Music to die for - Taster with James Lee Burke

Music to die for - Episode 1
1: Ian Rankin introduces best-selling, award-winning crime novelists Mark Billingham, Michael Connelly, Robert Crais, Joolz Denby, John Harvey, George Pelecanos, James Sallis, and Karin Slaughter.
The first of three programmes ponders whether and why the use of music in crime fiction is a recent phenomenon, wonders what a taste for different forms of music tell the reader about their fictional heroes, explains why country-loving detectives should steer clear of more modern music trends, offers a guided tour of Elvis Cole’s Los Angeles with his creator Robert Crais, and provides a rare opportunity to hear Hawkwind, Tupac Shakur and Wang Chung in the same half-hour.



Music to die for - Episode 2
2: Ian Rankin introduces best-selling, award-winning crime novelists Mark Billingham, James Lee Burke, John Connolly, Robert Crais, Joolz Denby, John Harvey, and Karin Slaughter, as well as Scottish singer-songwriter Jackie Leven and former Police guitarist Andy Summers.
In the second of three programmes, Ian explains why he had to abandon Inspector Rebus’s early enthusiasm for jazz, discusses with fellow authors the pros and cons of quoting song lyrics, meets the creator of a Charlie Parker who is deaf to jazz, hears Phil Collins proposed as a tool for gangland torturers, finds out about feedback from readers, and winds up with a night out in Kirkcaldy.
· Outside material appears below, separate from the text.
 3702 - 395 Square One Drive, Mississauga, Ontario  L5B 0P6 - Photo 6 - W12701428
Music to die for - Episode 3
3: Ian Rankin introduces best-selling, award-winning crime novelists Mark Billingham, James Lee Burke, John Connolly, Joolz Denby, John Harvey, George Pelecanos, James Sallis, and Karin Slaughter.
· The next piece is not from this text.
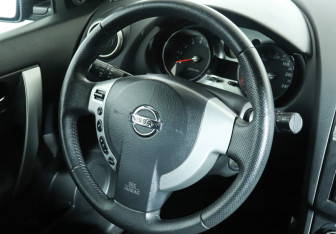 Подержанный автомобиль Nissan Qashqai 2008 года (16 фото)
The final programme features writers who work with music on and writers who can’t; writers who can play an instrument and writers who can’t, but have still been in a band; writers who are poets and what poetry’s rhythms bring to their prose; and writers who have released CDs of their detective’s favourite records. It also points out the connection between Inspector Rebus and ‘sixth Stone’ Ian Stewart, and asks the key question: Is this obsession with music just a blokey thing?